== Exercise description ==
A faithful, complete transcript of the entries below, without pictures, should be returned.

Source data
========

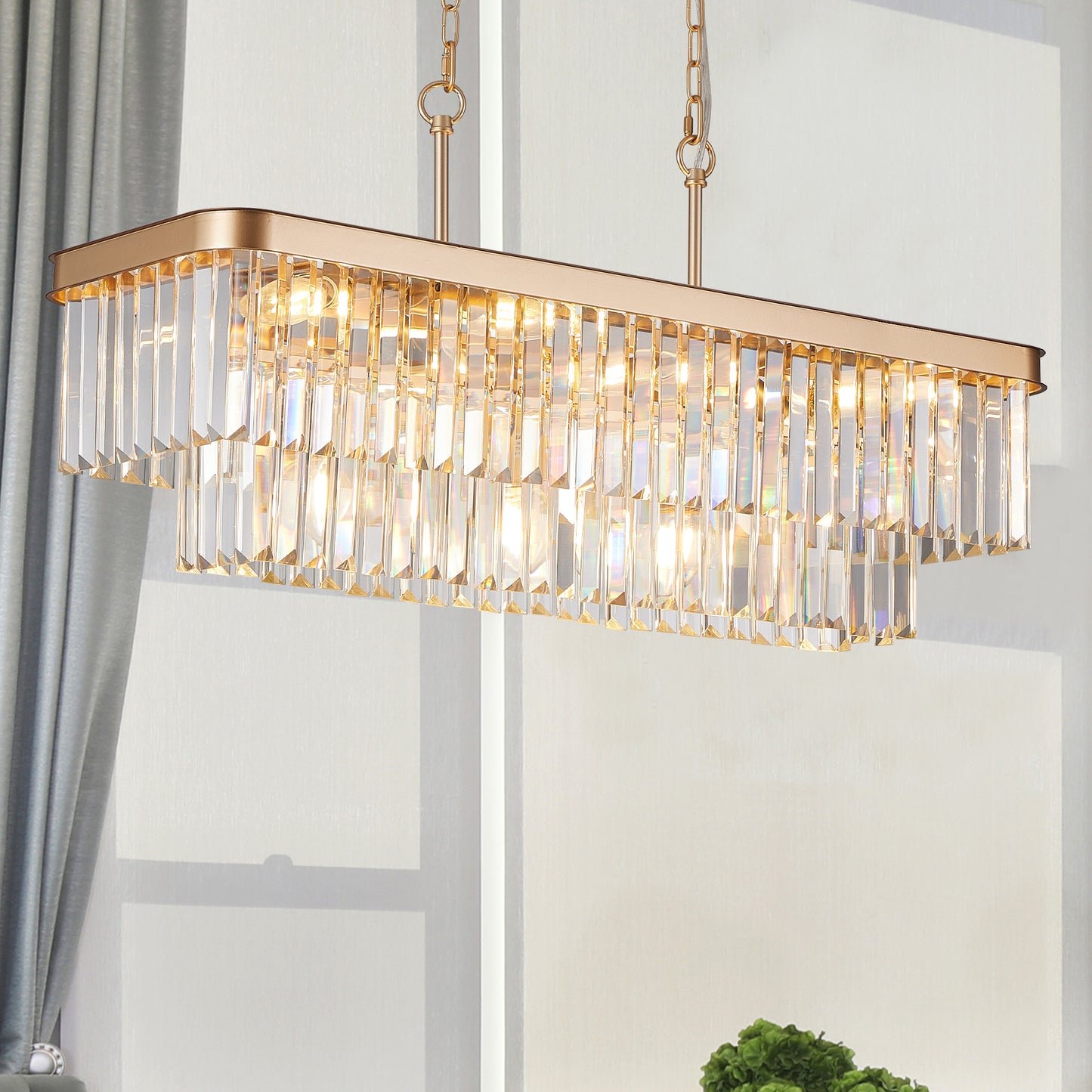 Chandeliers,Rectangular Crystal Chandelier Adjustable,E12 Modern Industrial Crystal Lights,Farmhouse Iron Ceiling Hanging Light for Kitchen Living Room Bedroom/Gold(Bulb Not Included) image 4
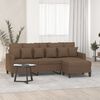 vidaXL 3-Seater Sofa with Footstool Brown 70.9" Fabric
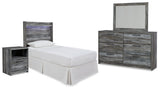 Baystorm Gray Twin Panel Bed Headboard, Dresser, Mirror and Nightstand from Ashley Furniture - Luna Furniture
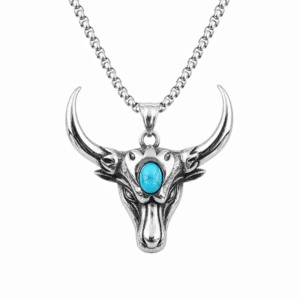 Collier cowboy argenté taureau turquoise acier inoxydable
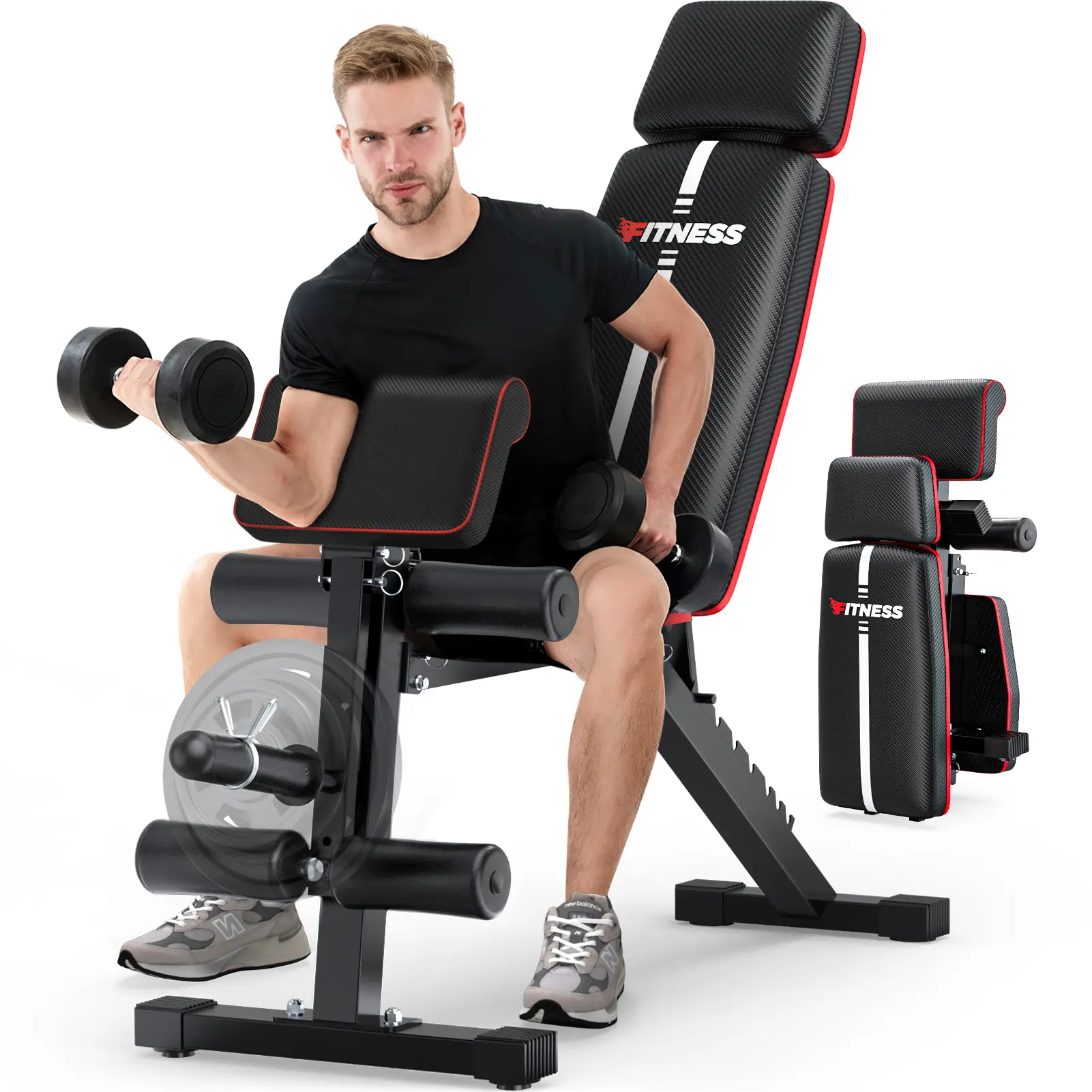 Banco de pesas plegable, capacidad de carga de 880 lb (los discos de peso no están incluidos). Banco de entrenamiento para press de banca en gimnasio en casa; equipo de ejercicio con posiciones de inclinación, declinación y abdominales, que incluye extens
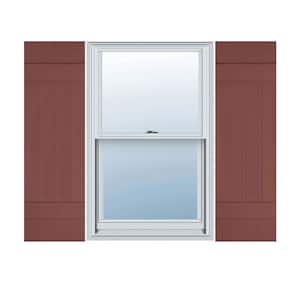 14 in. W x 39 in. H Vinyl Exterior Joined Board and Batten Shutters Pair in Burgundy Red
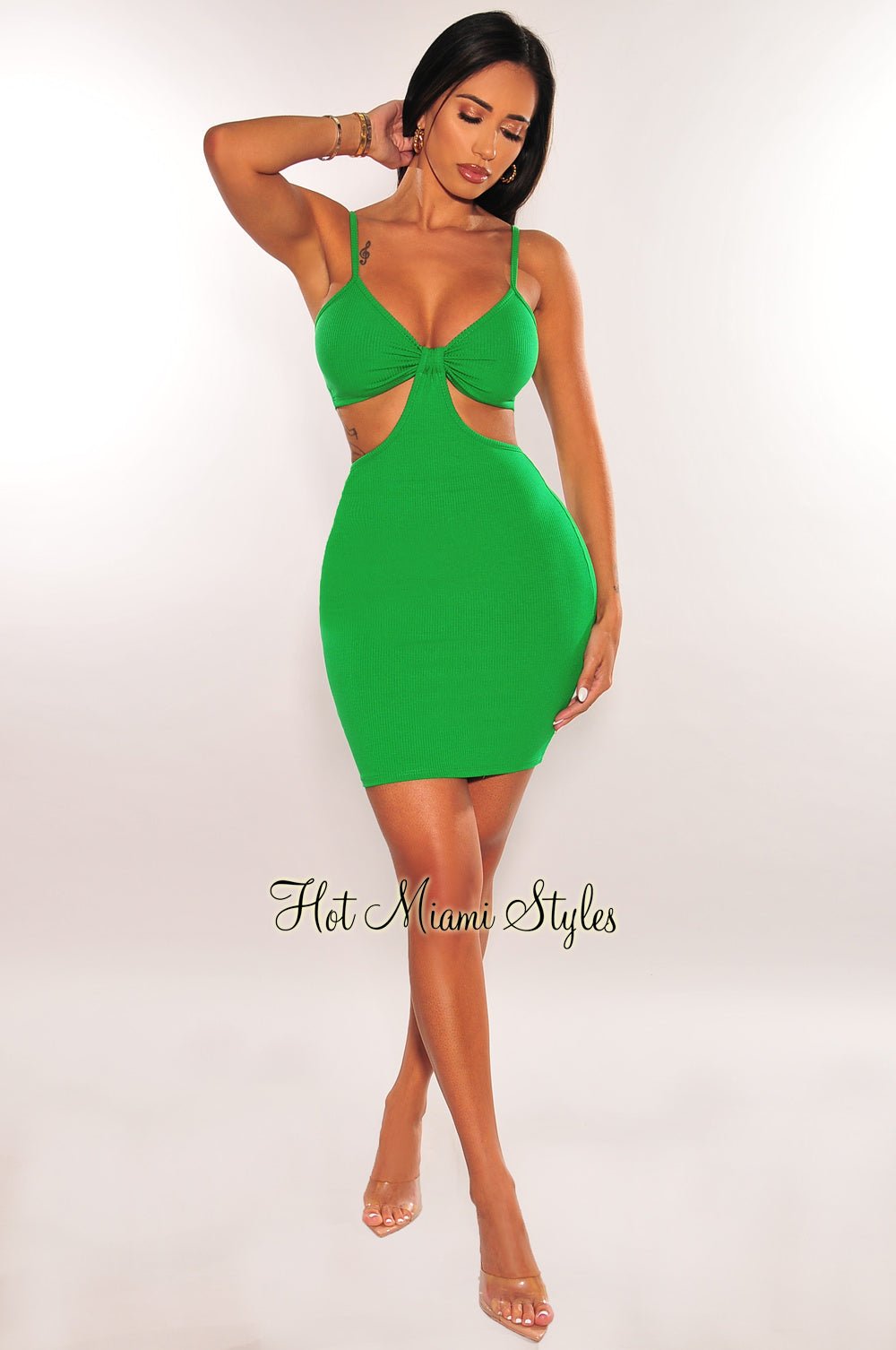 Kelly Green Ribbed Spaghetti Straps Knotted Cut Out Mini Dress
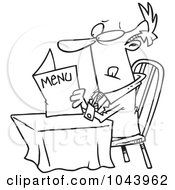 Cartoon Black And White Outline Design Of A Businessman Reading A Diner Menu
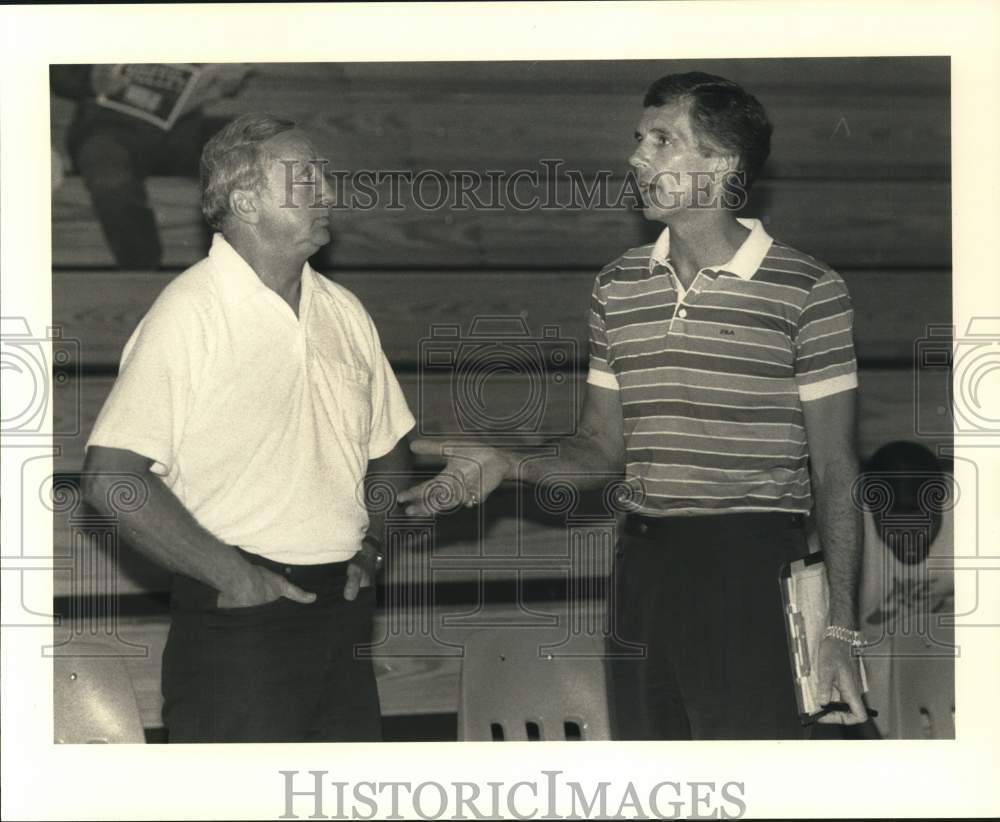 1984 Press Photo Basketball Coaches Don Knodel &amp; John Egan at Summer League Game- Historic Images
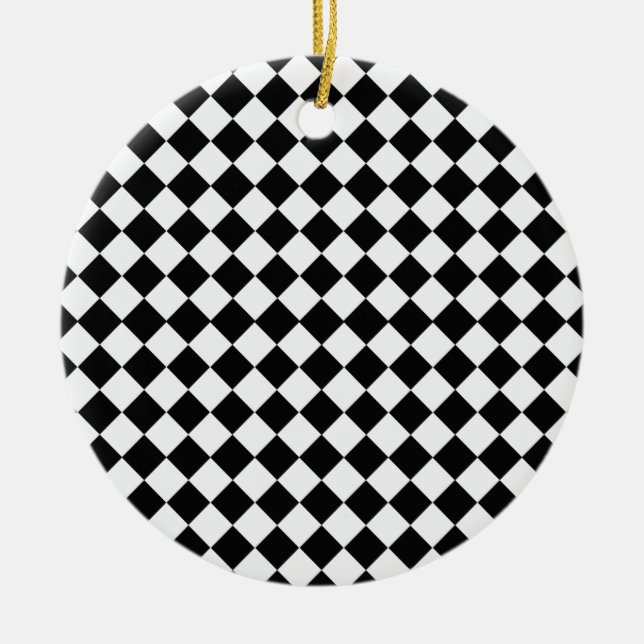 Black and White Diamond Pattern by Shirley Taylor Ceramic Ornament (Front)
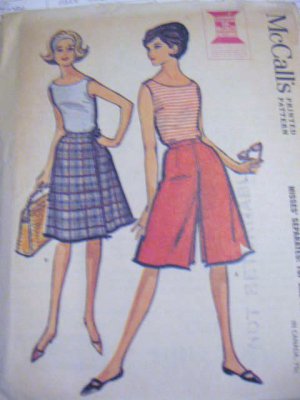 McCall's 6823 Vintage Top & Culottes Sewing Pattern Size 16 Bust 36 Uncut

========

== Written answer ==
 Chandeliers,Rectangular Crystal Chandelier Adjustable,E12 Modern Industrial Crystal Lights,Farmhouse Iron Ceiling Hanging Light for Kitchen Living Room Bedroom/Gold(Bulb Not Included) image 4
 vidaXL 3-Seater Sofa with Footstool Brown 70.9" Fabric
 Baystorm Gray Twin Panel Bed Headboard, Dresser, Mirror and Nightstand from Ashley Furniture - Luna Furniture
 Collier cowboy argenté taureau turquoise acier inoxydable
 Banco de pesas plegable, capacidad de carga de 880 lb (los discos de peso no están incluidos). Banco de entrenamiento para press de banca en gimnasio en casa; equipo de ejercicio con posiciones de inclinación, declinación y abdominales, que incluye extens
 14 in. W x 39 in. H Vinyl Exterior Joined Board and Batten Shutters Pair in Burgundy Red
 Kelly Green Ribbed Spaghetti Straps Knotted Cut Out Mini Dress
 Cartoon Black And White Outline Design Of A Businessman Reading A Diner Menu
 1984 Press Photo Basketball Coaches Don Knodel &amp; John Egan at Summer League Game- Historic Images
 Black and White Diamond Pattern by Shirley Taylor Ceramic Ornament (Front)
 McCall's 6823 Vintage Top & Culottes Sewing Pattern Size 16 Bust 36 Uncut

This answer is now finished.